The only good thing that comes out of IE is the fact that we have to charge our clients double to develop their websites.  It's also useful as experience in spotting the myriad bugs in IE requires a lot of experience which keeps our skills at a premium.

But this is unprofessional to say the least.  You should be ashamed of yourselves.

# re: Internet Explorer 8

Friday, December 07, 2007 5:29 AM by A Note For Microsoft

If they still can't make IE standards-compliant, then they should make it open source now.

# Very Funny

Friday, December 07, 2007 5:35 AM by LOL

They don't a bit feel embarrassed while taking about IE? Go on guys, the more version you'll release, the more you will loose grip over internet.

# re: Internet Explorer 8

Friday, December 07, 2007 5:48 AM by Simon Jia

Although this doesn't give us any deeper details, but absolutely good to know that IE8 is planned and under development.

# re: Internet Explorer 8

Friday, December 07, 2007 6:06 AM by marcel

Haha good joke! just like your standards support track record! Keep'em going IE Team.

# re: Internet Explorer 8

Friday, December 07, 2007 6:41 AM by Mike

Maybe IE8 will be the version where you stop trying to switch the accept-language of English versions to English(US) from the current UK / Canada / Australia / Ireland etc version when the runonce dialog appears...

# re: Internet Explorer 8

Friday, December 07, 2007 6:42 AM by Zolookas

Microsoft, you have fixed some things for IE7, but until you will start listening developers and try to build standards compilant browser you won't have any support from developers and continue to loose market share to other browsers.

# re: Internet Explorer 8

Friday, December 07, 2007 7:08 AM by Marco A

I believe the costs of implementing full web-standards support on Trident would be greater than implementing a completely new Layout Engine:

The whole thing is already a HUGE workaround, and you guys need to worry about everything the browser will break at the operating system and application level (Since a lot of programs use the IE ActiveX control).

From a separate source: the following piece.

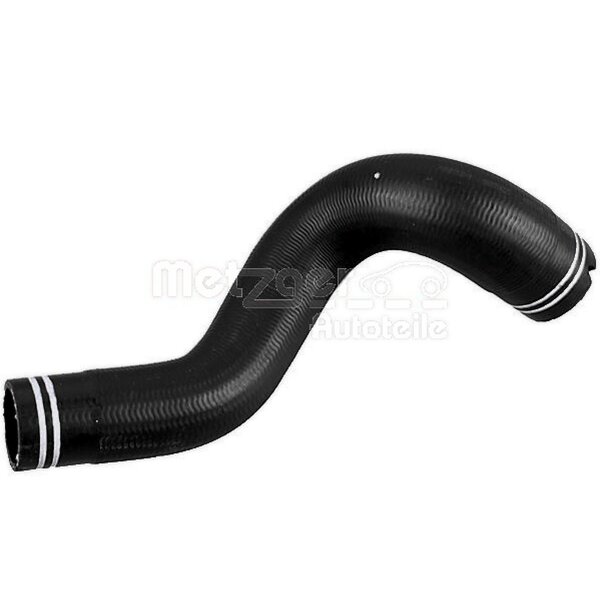 Charge Air Hose left without clamps METZGER for e.g. FIAT FIORINO
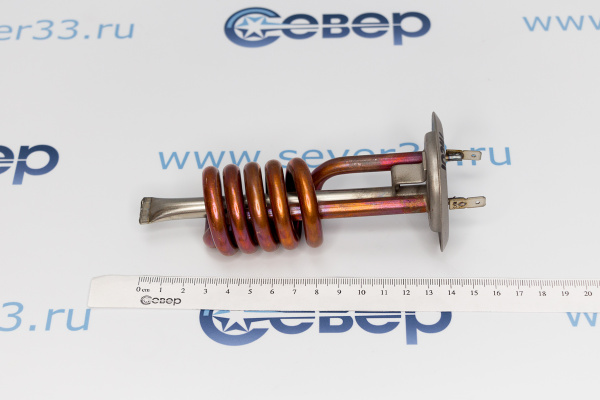 Нагрев. элемент ИТА RF64 2,0 кВт.(медн.) под раъём, 138мм_1e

You could just leave IE7 hidden on the system, for compatibility, and create a new engine based on the WPF, using C#. Or even better, you could just stick some Open Source layout engine right into your product! (Like Apple did).

A new version of IE will have the same problems Vista is having. *No one* will upgrade. I mean, most people haven't upgraded to IE7 yet, have they?

# re: Internet Explorer 8

Friday, December 07, 2007 8:03 AM by Anonymous

Please use WebKit. Please? Just use WebKit.

# re: Internet Explorer 8

Friday, December 07, 2007 8:45 AM by Chris C.

First of all:

Support full web standards:

-CSS3 for starters

-position:fixed css for thead

-same standards for margin and padding that Firefox has

Name: IE Live (it fits with everything else y'all are doing).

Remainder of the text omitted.